A VICTIM of historic sexual crimes believes there should be full compensation for those who have suffered at the predatory hands of another person, long after the trauma happens.
The 44-year-old, who cannot be identified for legal reasons, was a child victim of Noel Gough, who was jailed last week after pleading guilty to counts of indecent treatment and sodomy.
The gifted sportsman - an undefeated barefoot water skiing champion in the 80s - had his world turned upside down when he was 13, after befriending the now 63-year-old convicted sex offender at the bowling alley where Gough worked.
"Mum should have been able to drop me off at a family bowling alley, knowing I'd be safe," he said.
But these seemingly innocent trips cost him, and his friend, their childhoods.
Gough used his position of trust to take advantage of the boys by performing sex acts on them including anal and oral sex, which left this particular victim injured for days.
"I was brainwashed and believed he was my friend and everything he was doing was right," he said.
"He was our great friend, he'd take us fishing, give gifts of money and gem stones.
"I turned up at his doorstep like a proud school boy only to be re-assaulted all the time."
Thirty years on and the pain is still clearly very raw.
"There is no compensation whatsoever," the victim said.
"It took me years before I could tell my family and come forward with this."
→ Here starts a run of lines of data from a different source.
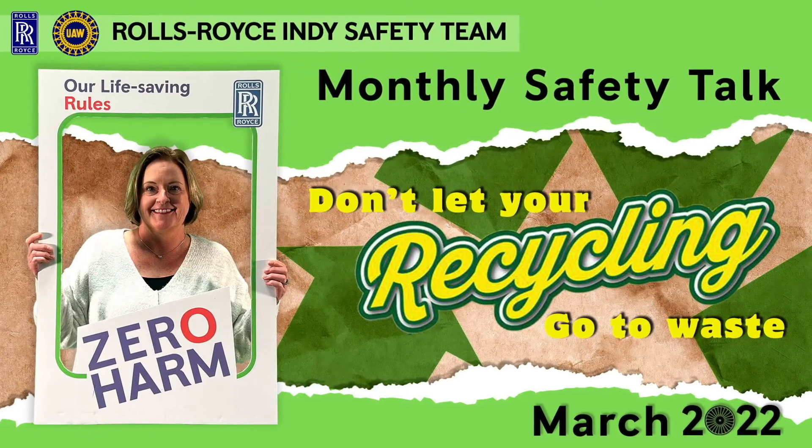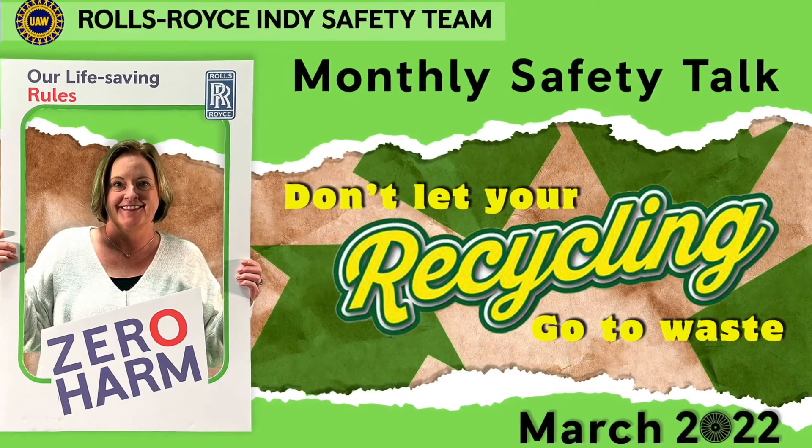Did you know that Rolls-Royce has a policy that says we all have the responsibility to operate sustainably? Hello, I'm Laura Groom with Health Safety Environmental here at Rolls-Royce. I replaced the retiring Pravin Patel this last October and work with the Indianapolis facilities on environmental compliance, and also work with recycling, waste, and sustainability.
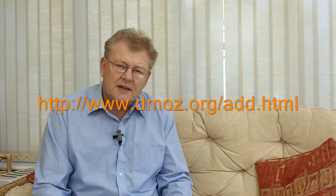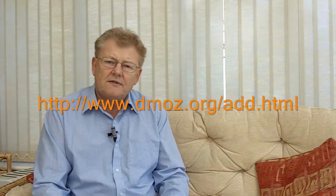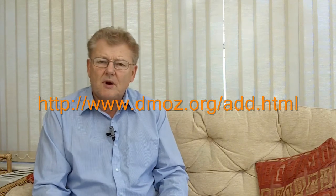So best of luck with that. I'm Bob Snozel of eBob Internet Marketing. This is part five of our series which is submit your website to dmoz.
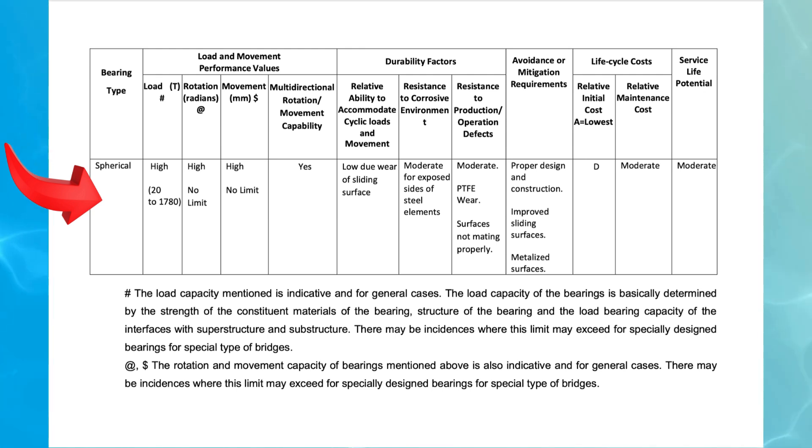Spherical bearings fall under initial cost category D, indicating a higher initial investment compared to other types. Maintenance requirements are moderate, involving inspections and surface treatments to prevent degradation. The overall lifespan of spherical bearings is considered moderate, requiring periodic maintenance to sustain performance.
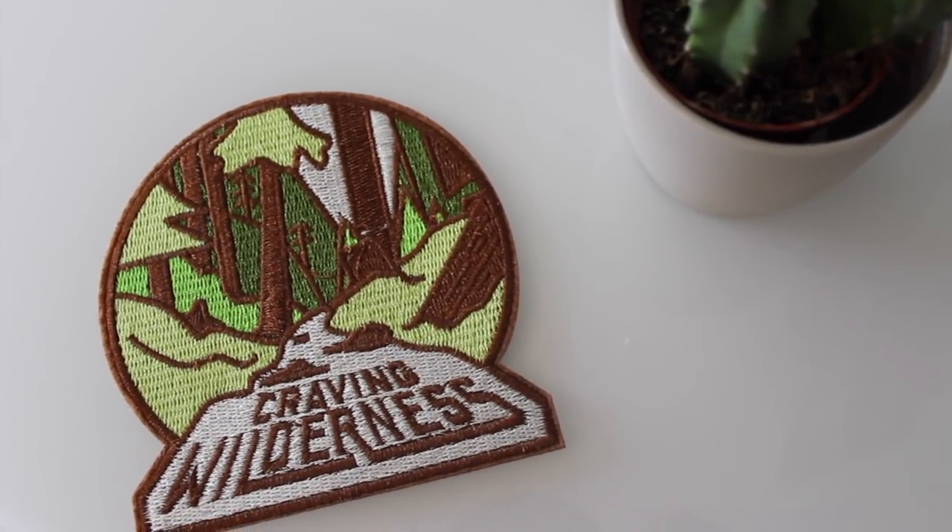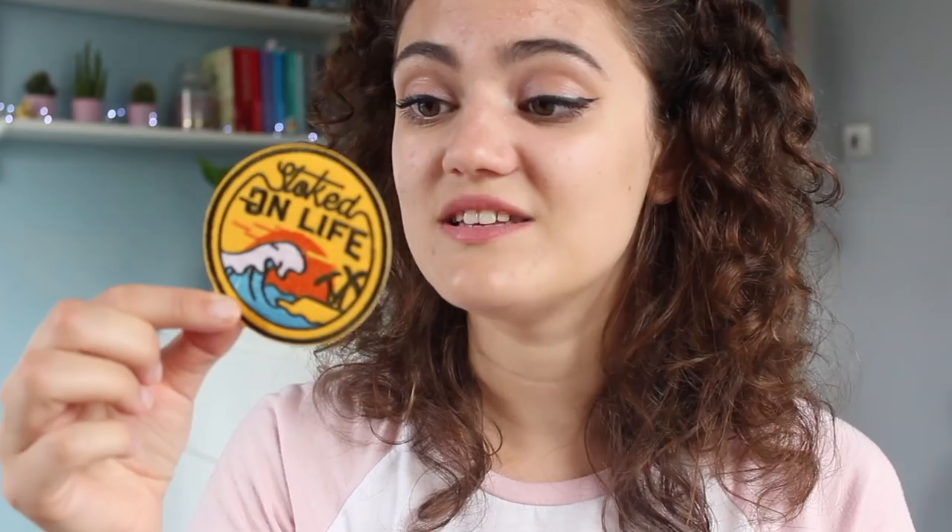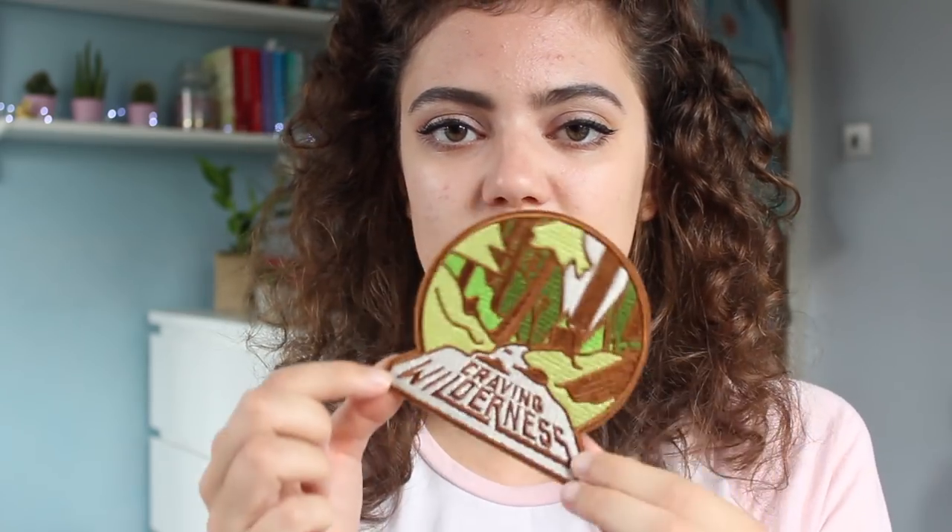The ones I got were this one which says 'Craving Wilderness' — it reminded me of USA National Parks, which I really want to visit — and this one which says 'Stoked on Life,' with a little wave and a palm tree, which reminded me of Hawaii because I've got an obsession with learning to surf and going to Hawaii. I think one of them will end up going on a rucksack. My Kanken up there has got a hole in the bottom and it's on its way out, so I'm probably going to get a cheap unbranded one and stick the patch in the middle where the logo would normally go. I think that'll look really cute.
He said because it was a historical crime, the amount of monetary compensation was minimal.
"I'd like to make a point that while the rest of the world carries on, there are victims here waiting for full assistance," he said.
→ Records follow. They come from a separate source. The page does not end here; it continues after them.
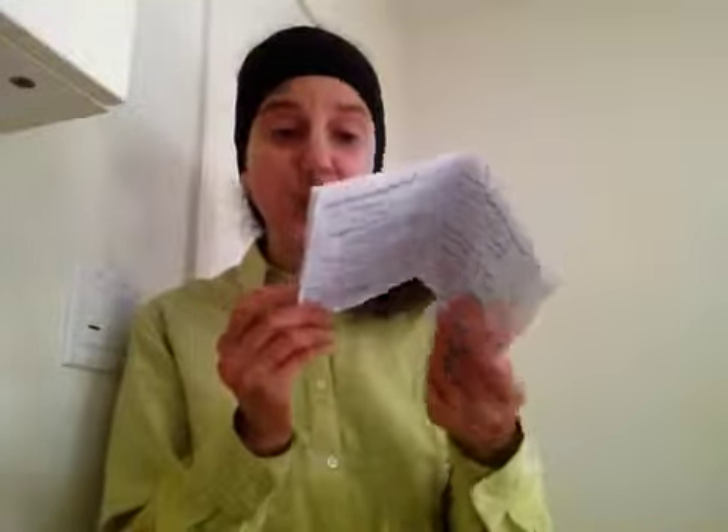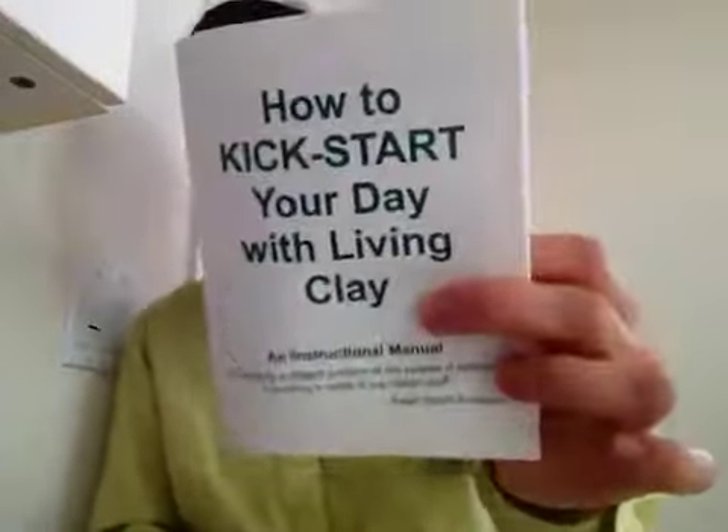They also have Yahoo groups for clay, and I'll have a link to the company's website below the video. Another great resource I received is an instruction manual called 'How to Kickstart Your Day with Living Clay,' written by Perry A., taken from her book 'Living Clay: Nature's Own Miracle Cure.' If you're going to get products, you want to know how to use them, so let's talk a little bit about living clay, what it is and what it does.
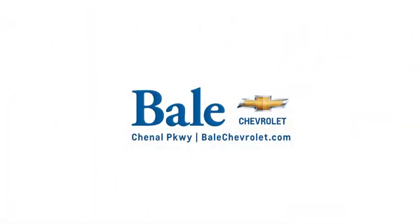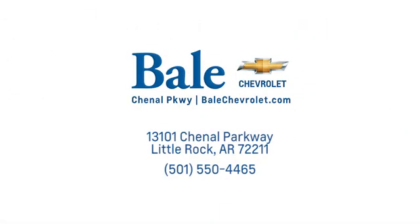Looking for an unbeatable deal? Come to Bale Chevrolet. We look forward to helping you at Bale Chevrolet.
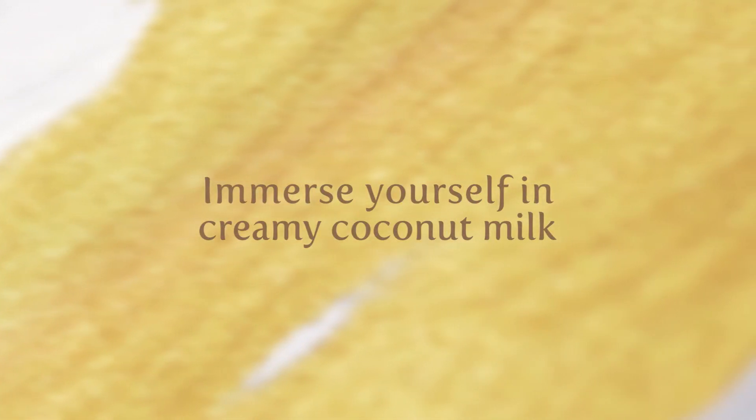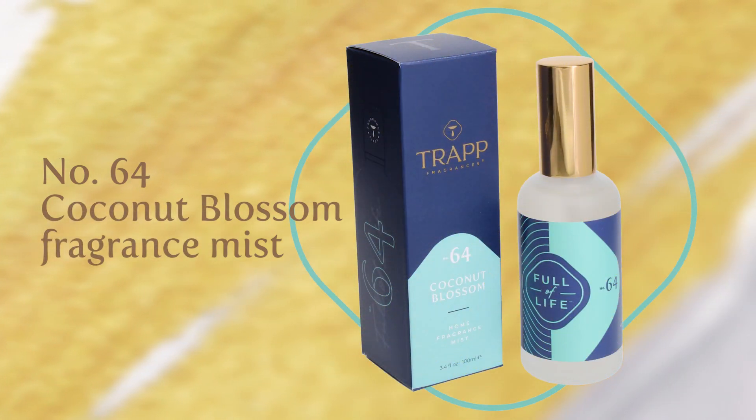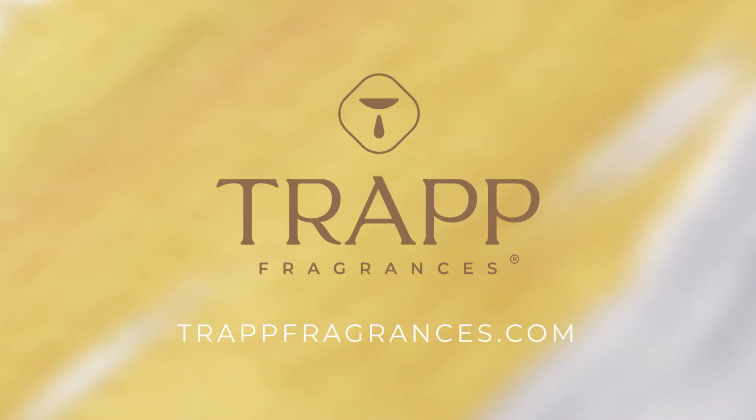Immerse yourself in creamy coconut milk and orange blossom aroma with No. 64 Coconut Blossom Fragrance Mist. Shop online for summer at TrappFragrances.com.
"It should be a hand out to make you feel comforted inside and move on with your life and pay for the counselling you need later in life."
The victim said he has never been able to hold down a job, still lives at home with his mother, struggled with drug addiction and is now a Type 1 diabetic.
"(Monetary compensation) is only comfort - it's a thing that's going to make you feel like it's all worth something," he said.
Sexual assault service Phoenix House director Kathy Prentice said there should be changes to the law to allow victims of historic sex abuse to receive compensation.
"I know the oldest person we have had access our service was in their 70s, and they hadn't reported it or spoken to anyone about it for 60 years," she said.
"Obviously it's taken them that amount of time to come forward because of the psychological trauma.